■「長ラン」と「短ラン」、「ドカン」と「ボンタン」

 ヤンキー漫画に登場するキャラクターは、そのファッションも世界観を彩る小道具となっている。改造された学生服を着ているか、制服を着ていない場合も独特な服装であることが多い。

 特に改造学生服はヤンキー特有の文化として根強い人気を誇ってきたので有名ではあるが、その実際の名称は漫画を読んで初めて知ったという人も多いだろう。
 学生服の上着には大きく分けて「長ラン」と「短ラン」、ズボンには「ドカン」と「ボンタン」と呼ばれる種類がある。

 着丈が膝下や脛のあたりまである上着を「長ラン」、逆に着丈が極端に短くベルトラインの上あたりまでしかない上着を「短ラン」と呼ぶ。
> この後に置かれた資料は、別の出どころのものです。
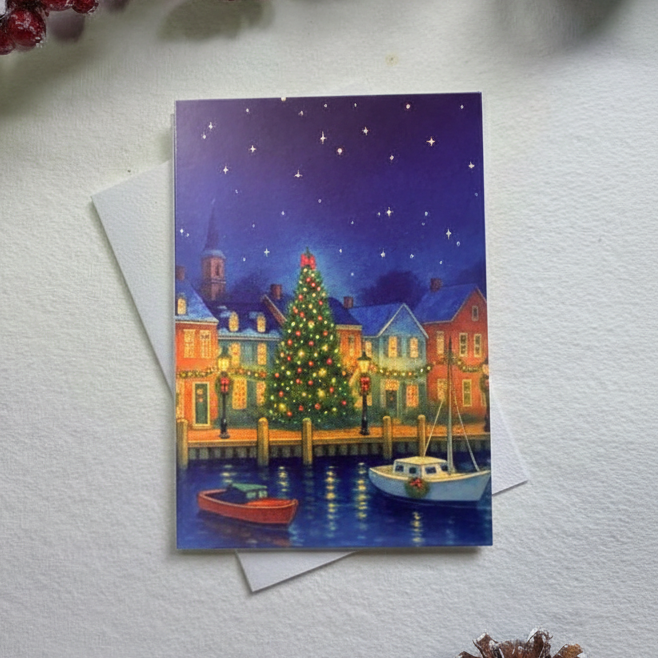 Christmas card with a festive scene of a town by water, surrounded by red berries and pine cones.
その中間には「中ラン」と呼ばれる標準よりやや長めのものもある。ズボンは、ウエスト以上にワタリ(ももの部分の太さ)が太くスソも太い「ドカン」と、やはりワタリは太いがスソは細い「ボンタン」とに大別される。

 大まかに言って「長ラン」から「短ラン」へ、「ドカン」から「ボンタン」へとそれぞれ流行が移っていったが、ヤンキー漫画ではキャラ付けのために主要キャラがそれぞれ違うタイプの学生服を着ていることが結構あった。たとえば『ビー・バップ・ハイスクール』ではトオルが長ランでヒロシが短ランだし、『今日から俺は!』では三橋が短ラン+ボンタン、伊藤が長ラン+ドカンといった風だ。
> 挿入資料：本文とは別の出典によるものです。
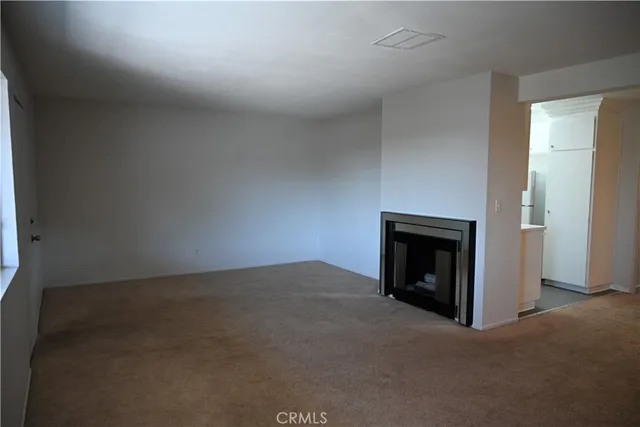 a view of empty room with a fireplace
 ヤンキー漫画のキャラに憧れて実際に服装や髪型を真似したり、逆に現実の流行がヤンキー漫画のほうに取り入れられたりと、相互に影響し合ってヤンキーファッションは形作られてきた。特筆すべきは『クローズ』『WORST』で、旧来のヤンキー的な装いがダサいと思われるようになった時代にストリート系のファッションを取り入れたことで、新たな不良の潮流を作り、カッコいいものとしての復権を果たしたと言えるだろう。
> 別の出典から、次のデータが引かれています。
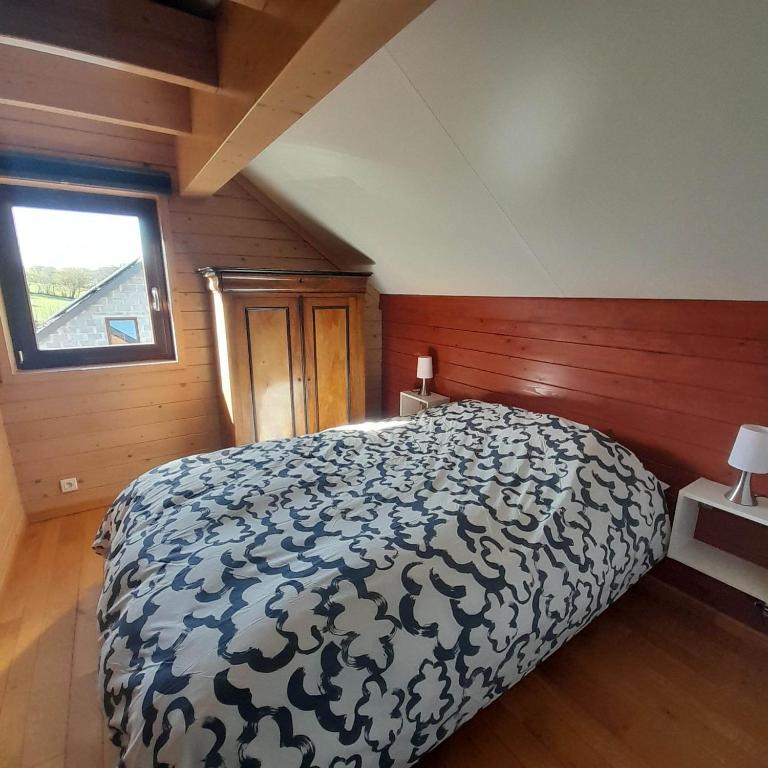 Postel nebo postele na pokoji v ubytování Le gîte Pierre et Bois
 ヤンキー漫画がその時代時代で読者である若者たちに伝えてきたのは、強さやカッコよさ、友情と絆といった普遍的なテーマだが、それをより強く印象付ける符丁として“ヤンキー用語”はその役割を果たしてきた。近年、現実の世界ではすっかりヤンキー文化も下火となり、ヤンキー漫画のキャラクターの定番であった暴走族の数も激減しているという。いずれはヤンキーそのものが、漫画の中でだけ生き残っていく存在となっていくのかもしれない。

 しかし、実生活ではヤンキーと縁のない普通の人々にも浸透して一般化した“ヤンキー用語”が消えることはないだろうし、今後もひとつのジャンルとしてのヤンキー漫画は生まれ続けていくだろう。そうした次世代のヤンキー漫画から、また新たな“ヤンキー用語”が生まれてくるのを期待したい。